What This Looks Like in Practice
For a solo developer maintaining an open-source library used in commercial software:
Now (April 2026):
- Determine CRA status (15 minutes)
- Create
SECURITY.mdwith contact and process - Generate SBOM with cyclonedx tooling (30 minutes)
By September 2026:
- Build vulnerability notification template
- Register on ENISA portal once it opens (Q2/Q3 2026)
- Document PaaS provider and supply chain
By December 2027:
- Full security policy documented
- Conformity assessment if in Annex III scope
- Declaration of Conformity prepared
The work is not technically complex. It is process work — documentation, templates, and contacts. The risk is not knowing you need to do it until September 2026 arrives.
How PaaS Infrastructure Affects CRA Compliance Evidence
When your software is hosted on a PaaS, the provider is part of your CRA supply chain documentation. EU market surveillance authorities can ask for evidence of your supply chain during a conformity assessment. The question they will ask: "Is your infrastructure subject to third-party access obligations incompatible with EU law?"
CLOUD Act compliance with a US subpoena requires the provider to hand over data without notifying you. If that data includes your running application code, environment variables, or logs, it represents a control gap in your supply chain documentation.
EU-incorporated infrastructure removes this documentation burden. sota.io deploys on EU-jurisdiction servers with no CLOUD Act exposure — a single line in your supply chain documentation, not a risk item.
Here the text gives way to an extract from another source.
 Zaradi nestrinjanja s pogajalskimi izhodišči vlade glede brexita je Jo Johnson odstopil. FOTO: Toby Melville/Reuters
The Formal Verification Question
If you want to go beyond process compliance and build proof-level security evidence, formal verification tools are available for OSS projects:
- VeriFast (KU Leuven): C/Java memory safety proofs
- Frama-C (CEA/INRIA): C code analysis with full formal specs
- CBMC (Oxford): Bounded model checking for C/C++
- SPARK Ada (AdaCore, France): Full correctness proofs for safety-critical code
This is a different level of effort than the checklist above — and it is covered in the companion post EU Cyber Resilience Act 2027: Why Formal Verification Is the Right Tool. For most OSS developers, the process checklist is the right starting point.